Friday February 2, 2007
Stanford student group links Israel, apartheid
by stacey palevsky staff writer
apartheid (a·part·heid) — n. A rigid policy in South Africa of discrimination against the nonwhite population.
Apartheid, on Stanford’s campus, now has another definition. A new student group claims Israeli policies and laws promote an apartheid state.
The group, Students Confronting Apartheid in Israel, on Jan. 25 launched a divestment campaign and invited controversial Jewish college professor and author Norman Finkelstein to speak on campus. (Finkelstein has compared Israel’s treatment of the Palestinians to Hitler’s treatment of Jews.)
The group’s name has drawn angry, emotional reactions from Jewish students, most of whom say comparing Israel to an apartheid state is dangerous and false.
The war of words goes like this:
Many historians, journalists and Jews condemn the use of apartheid to describe Israel. Opponents of the term point out that Israel is the sole democracy in the Middle East, where Arabs have equal rights and even hold governmental posts. The analogy has been called grotesque, offensive and absurd.
Those who say Israeli government policies promote apartheid argue that its laws promote separateness and inequality.
SCAI, on its Web site, says that while “there are definite differences between the practices of apartheid in Israel and in South Africa … like black South Africans, Palestinians are subject to a different system of law — one that denies them freedom of movement, equal access to resources like water, land or electricity, and the right to establish residence in Israel, a right which is granted to Jews from anywhere in the world through the Law of Return.”

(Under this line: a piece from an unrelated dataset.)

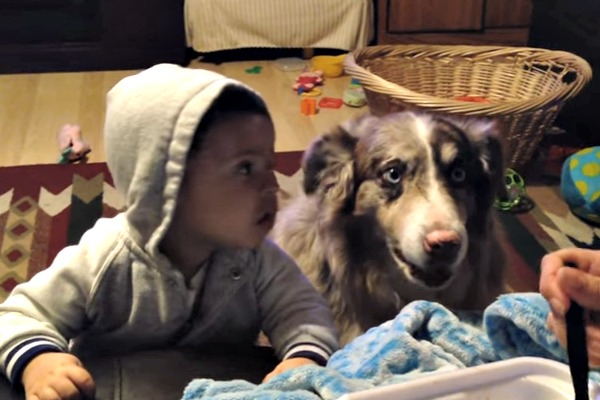 ¿WTF? Intentaban que el bebé dijera su primera palabra pero el perro se adelantó (Video)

Dan Kaganovich, a doctoral student, said he’s very concerned about the growing trend linking Israel to apartheid. Most recently visible was President Carter’s book “Palestine: Peace Not Apartheid.”
“I suspect the situation will deteriorate and Stanford will soon become like many other campuses in California, where Jewish students literally fear physical harm,” he said.
At U.C. Irvine in May, for example, the Muslim Student Association planned a “Holocaust in the Holy Land” week, sponsoring workshops like “Israel: The Fourth Reich.” And U.C. Berkeley has long been at the center of anti-Israel demonstrations.
Stanford Hillel staff have met with the editorial board of the Stanford Daily, started an e-petition in support of Israel and a two-state solution (signed by 605 people so far), created a resource guide outlining why Israel is not a Palestinian state and held a forum.
But Kavanovich said it’s not enough.
“There are virtually no Stanford faculty or Jewish organizations willing to confront the belligerence of Arab Muslim groups,” he said. “... This is too bad, because I think that the Arab Muslim attack on Jews, freedom and democracy should be confronted because it is a threat to all of us.”